# Silverlands.



## stu8fish (Nov 15, 2014)

Silverlands has featured many times on here and recently it is has become a tourist hot spot.
Localish to my home I have walked up to the gate and waved to the cameras several times but stopped short of using the secret tunnel under the fence to satisfy the urge to explore further. Today was the day. Delayed on the M25 I arrived later than planned, parked up and walked up the road to the path to the gate.
Following some advice given (thanks dude) access was gained with a hop, skip, jump, tuck and roll. 
Plenty has been reported about the speedy response of the secca so I knew to work fast. Finding the stairs was priority 1 then up to the top floor to work my way down. 
Whilst looking for a viewpoint from the roof I stepped through a window onto the roof in full view of a dome camera, bugger I quickly retraced my steps and quickly snapped the last shots from the top floor. Expecting secca had spotted me from the camera I quickly shot the lift and rummaged round the other upstairs rooms.
Seems the secca was inattentive that day fortunately.  
It was a windy day and periodically doors would bang and clatter this kept me on edge for the duration of my visit. My paranoia did eased as I worked my way down the different floors on the way down to the basement. It seems I missed the security camera room but managed most of the other rooms. Some were locked and some doors had clearly been kicked in.
What a place, I wish I could have stayed longer but 2.5 hours later it was getting dark and although I had a torch a daylight exit was called for.
History has been well covered on here so on with a few pics.
​
Those stairs. 

It's all about those stairs. by stu8fish, on Flickr

Fishy action.

Looking up by stu8fish, on Flickr

Last light.

Silverlands. by stu8fish, on Flickr


Silverlands. by stu8fish, on Flickr

The ballroom






Ballroom 





Seriously nice wood work.





Ground floor.










Lift motor thingy






Uplift





Proper engineering.





Stood here for some time listening for voices. Eventually came to the conclusion that the doors were banging in the wind.

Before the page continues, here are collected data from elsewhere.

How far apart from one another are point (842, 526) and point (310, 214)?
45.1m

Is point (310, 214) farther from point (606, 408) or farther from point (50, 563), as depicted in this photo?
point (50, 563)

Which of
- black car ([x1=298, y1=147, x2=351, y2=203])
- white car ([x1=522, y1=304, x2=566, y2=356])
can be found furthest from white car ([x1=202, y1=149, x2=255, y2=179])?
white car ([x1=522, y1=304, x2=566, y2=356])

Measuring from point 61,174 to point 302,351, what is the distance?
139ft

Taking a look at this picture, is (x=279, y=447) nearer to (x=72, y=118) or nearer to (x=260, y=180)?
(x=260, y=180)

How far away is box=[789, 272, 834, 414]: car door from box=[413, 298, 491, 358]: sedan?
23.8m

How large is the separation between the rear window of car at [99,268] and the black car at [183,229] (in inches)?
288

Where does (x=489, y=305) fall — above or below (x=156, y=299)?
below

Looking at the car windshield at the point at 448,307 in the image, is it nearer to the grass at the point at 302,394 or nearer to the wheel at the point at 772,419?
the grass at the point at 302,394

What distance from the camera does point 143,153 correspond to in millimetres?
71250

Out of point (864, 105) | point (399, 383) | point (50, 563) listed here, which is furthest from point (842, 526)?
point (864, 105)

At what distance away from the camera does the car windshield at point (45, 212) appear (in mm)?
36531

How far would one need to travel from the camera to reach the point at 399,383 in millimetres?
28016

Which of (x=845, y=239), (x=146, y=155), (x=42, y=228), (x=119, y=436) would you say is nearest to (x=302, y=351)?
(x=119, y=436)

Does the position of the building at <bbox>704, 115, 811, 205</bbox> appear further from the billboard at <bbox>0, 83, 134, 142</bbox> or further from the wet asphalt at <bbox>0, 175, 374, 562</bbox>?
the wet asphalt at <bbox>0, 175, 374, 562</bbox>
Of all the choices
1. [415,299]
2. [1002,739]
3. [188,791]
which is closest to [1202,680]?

Wish I had spent more time photographing the ceiling in this room.





Ahh memories (1990s porn) 





More memories from the 90's





Rooftop.





A great afternoon out. An earlier start would have been better as I could have spent all day in here. 
Lots of bits I did not see and no externals as it was getting dark and close to teatime. There will be a next time.


----------



## brickworx (Nov 15, 2014)

Nice work, looks like all the keys have gone from the cabinet in the porn room? Great shot the one called 'last light'...v cool.....and yes what a place, good use of the fisheye for some great pics.


----------



## flyboys90 (Nov 15, 2014)

Its starting to look a bit worse for wear but you,ve got some ace photos and thanks for sharing.


----------



## DirtyJigsaw (Nov 16, 2014)

Nice shots indeed. Yeah, as brickworz said, where are all the keys? I noticed on fb that the key cupboard was now empty! So annoying. That first fisheye shot of the stairs is a winner


----------



## kevdyas (Nov 16, 2014)

Great photos


----------



## Sshhhh... (Nov 16, 2014)

I still need to see this place! Great shots and write up. Thank you


----------



## Lukemash (Nov 16, 2014)

What a fucking extraordinary building. Such class woodwork. I can't understand how somewhere like this isn't in use. Judging by the woodwork entrance would of made decent money for wedding receptions


----------



## brickworx (Nov 17, 2014)

flyboys90 said:


> Its starting to look a bit worse for wear but you,ve got some ace photos and thanks for sharing.



Errrrrrr and the issue with more 'worse for wear' is?  .... Decadence vs decay, what's not to like?!


----------



## Urbexbandoned (Nov 20, 2014)

Great, love shots 1 & 3


----------



## ImmortalShadow (Nov 21, 2014)

Nice shots 

Where are all the keys gone?! It's nice to see photos of the lift, something a bit different from the norm.


----------



## Whiteknight841 (Nov 21, 2014)

What a place, you have really gone to town on this one! Thank you


----------



## mockney reject (Nov 21, 2014)

wow awesome set of pictures dude


----------